Investment in private infrastructure – for example renewable power plants, hospitals or airports – is still a relatively new opportunity for retail investors: the inclusion of infrastructure assets in investment trusts over the past 15 years or so is an indication of the sector’s appeal.

But 2023 was a year unlike any previous one in the short history of the asset class, fuelled by soaring inflation, painful interest rate hikes and fears of recession. Investors backed off, worried about the accuracy of asset valuations and the impact of rate rises on returns. However, despite continuing macro-economic uncertainty, we believe that there are several strong reasons to feel optimistic about the outlook for private infrastructure.

Infrastructure - an essential part of society

First, although inflation and interest rate increases took their toll on the fundamentals of most private asset classes last year, the services provided by core infrastructure assets – notably transport and energy networks – play an essential role in today’s world, making them effectively ‘cycle agnostic’.

As a consequence, their investment returns have remained relatively resilient to economic stresses such as we have experienced recently (and indeed they behaved similarly in the face of previous crises such as the 2008 global financial crash and the Covid pandemic). Those assets with long-term financing arrangements in place - often fixed for well over 10 years – are able to generate particularly stable cash flows.

A provision for inflation

A further strength is the fact that typically provision for inflation is built into their financial structure, in the shape of inflation-adjusted cash flows or inflation-linked returns.

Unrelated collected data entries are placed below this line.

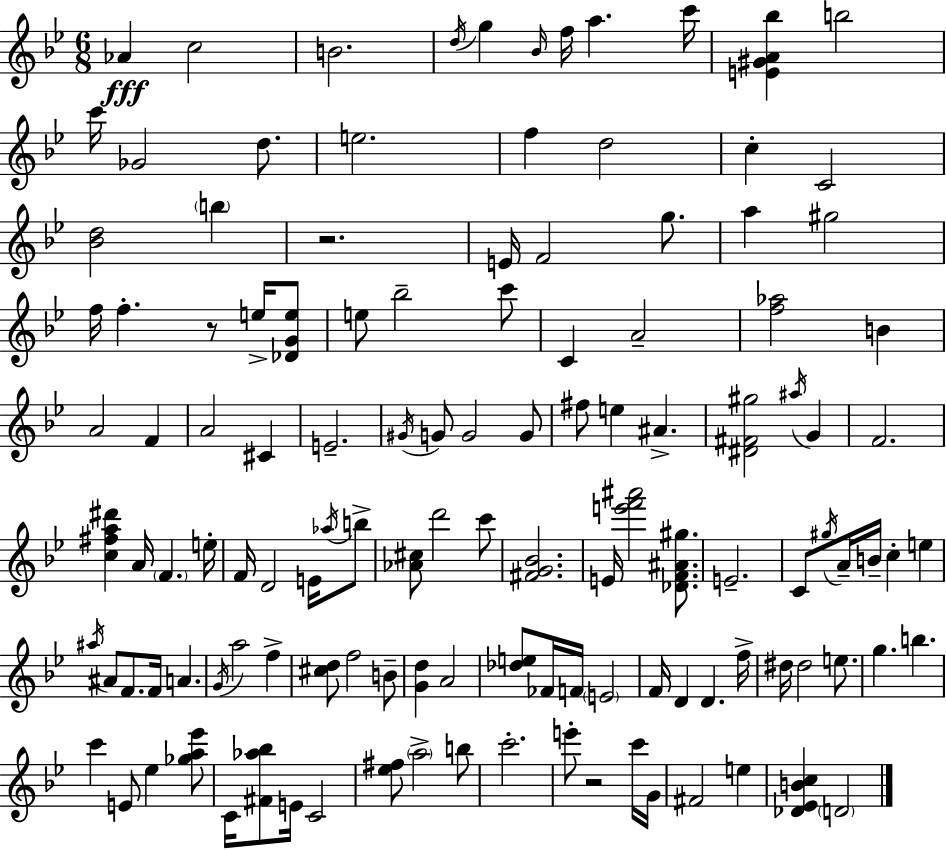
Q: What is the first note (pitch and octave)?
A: Ab4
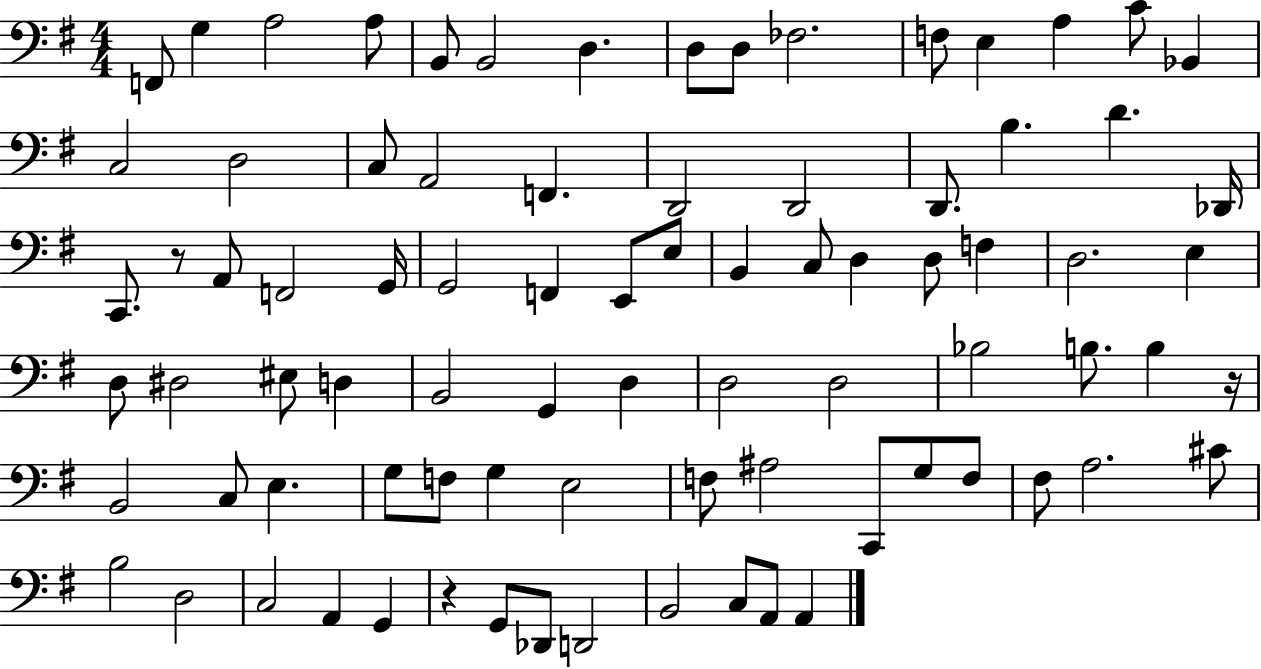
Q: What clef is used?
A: bass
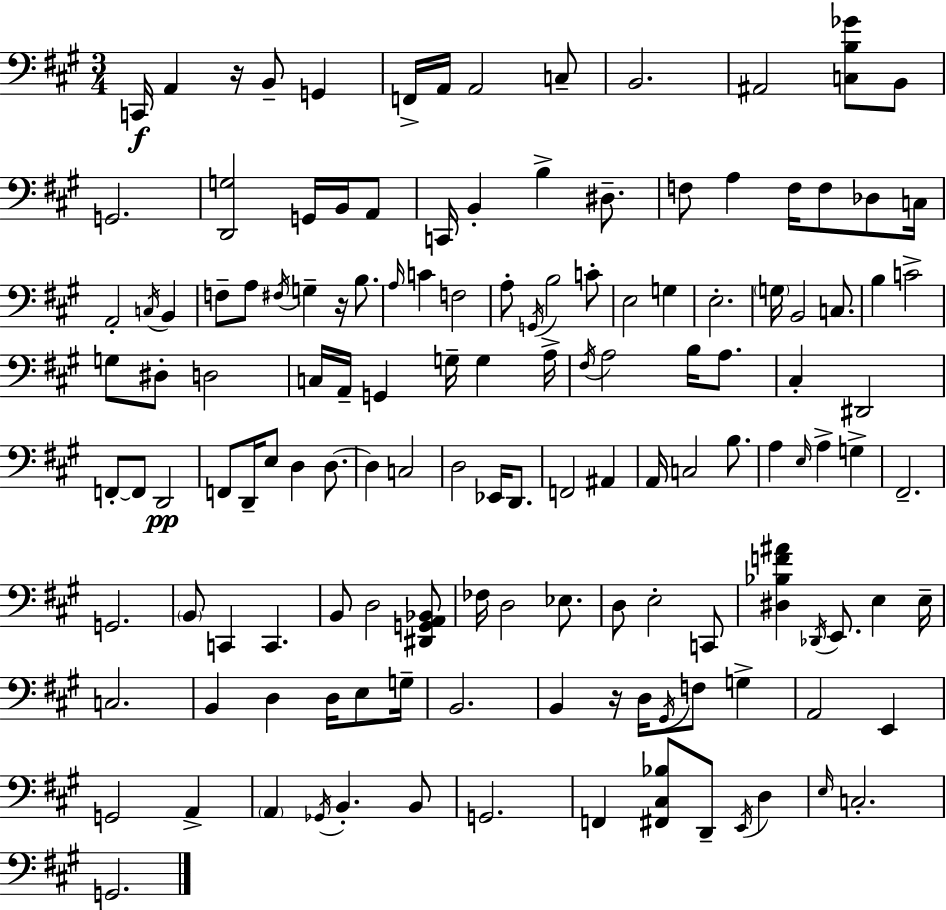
X:1
T:Untitled
M:3/4
L:1/4
K:A
C,,/4 A,, z/4 B,,/2 G,, F,,/4 A,,/4 A,,2 C,/2 B,,2 ^A,,2 [C,B,_G]/2 B,,/2 G,,2 [D,,G,]2 G,,/4 B,,/4 A,,/2 C,,/4 B,, B, ^D,/2 F,/2 A, F,/4 F,/2 _D,/2 C,/4 A,,2 C,/4 B,, F,/2 A,/2 ^F,/4 G, z/4 B,/2 A,/4 C F,2 A,/2 G,,/4 B,2 C/2 E,2 G, E,2 G,/4 B,,2 C,/2 B, C2 G,/2 ^D,/2 D,2 C,/4 A,,/4 G,, G,/4 G, A,/4 ^F,/4 A,2 B,/4 A,/2 ^C, ^D,,2 F,,/2 F,,/2 D,,2 F,,/2 D,,/4 E,/2 D, D,/2 D, C,2 D,2 _E,,/4 D,,/2 F,,2 ^A,, A,,/4 C,2 B,/2 A, E,/4 A, G, ^F,,2 G,,2 B,,/2 C,, C,, B,,/2 D,2 [^D,,G,,A,,_B,,]/2 _F,/4 D,2 _E,/2 D,/2 E,2 C,,/2 [^D,_B,F^A] _D,,/4 E,,/2 E, E,/4 C,2 B,, D, D,/4 E,/2 G,/4 B,,2 B,, z/4 D,/4 ^G,,/4 F,/2 G, A,,2 E,, G,,2 A,, A,, _G,,/4 B,, B,,/2 G,,2 F,, [^F,,^C,_B,]/2 D,,/2 E,,/4 D, E,/4 C,2 G,,2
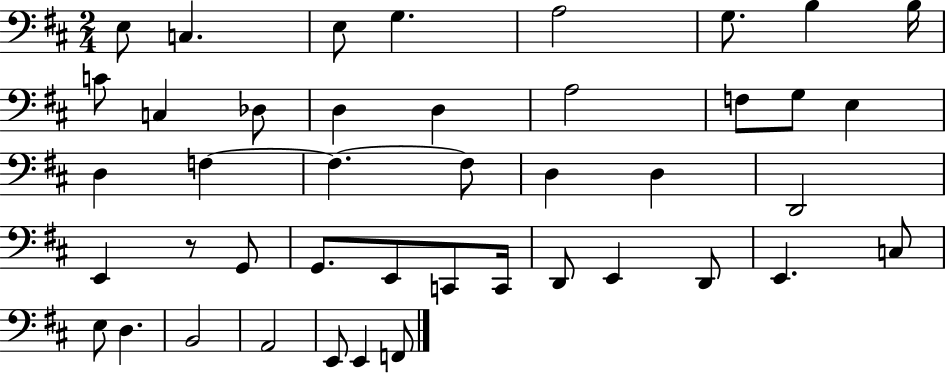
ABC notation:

X:1
T:Untitled
M:2/4
L:1/4
K:D
E,/2 C, E,/2 G, A,2 G,/2 B, B,/4 C/2 C, _D,/2 D, D, A,2 F,/2 G,/2 E, D, F, F, F,/2 D, D, D,,2 E,, z/2 G,,/2 G,,/2 E,,/2 C,,/2 C,,/4 D,,/2 E,, D,,/2 E,, C,/2 E,/2 D, B,,2 A,,2 E,,/2 E,, F,,/2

One such example is the rail leasing industry. Rent in this context is usually broken down into capital and maintenance rent; although the capital rent element rarely incorporates explicit inflation linkage, maintenance rent contracts generally do, and these have resulted in significant price increases over the past two years.

Another important consideration is the capacity of the core services delivered by these assets to pass costs on to consumers. Higher prices can help to offset the erosive impact of inflation and rate rises on cash flows, although in some cases there is a lag before price rises can be implemented.

Given the strong fundamentals underpinning the asset class and the robust nature of infrastructure cash flows, we expect valuations to remain relatively stable based on current inflation and interest rate expectations.

Are infrastructure projects increasing?

Looking ahead, there are clear signs that investment opportunities are on the rise.

For a start, the current pipeline of capital projects seeking funding more than accounts for the ‘dry powder’- the capital committed to private investment currently awaiting allocation. That trend towards increasing competition for funds will only be magnified by the transition to greener energy and the need to modernise, replace and decarbonise existing infrastructure assets.

Taking the UK as an example, in October 2021 the Government set an ambition for all electricity generation to be decarbonised by 2035. But a recent report from the House of Commons suggested there is a lot that needs to be done to meet that target, with gas still accounting for 40% of our electricity supply1.

Indeed, the pressure to transition to a low-carbon operation globally may result in an upturn in financial and corporate owners looking to sell because they cannot meet the capital requirements – providing further potential openings for well-capitalised investors.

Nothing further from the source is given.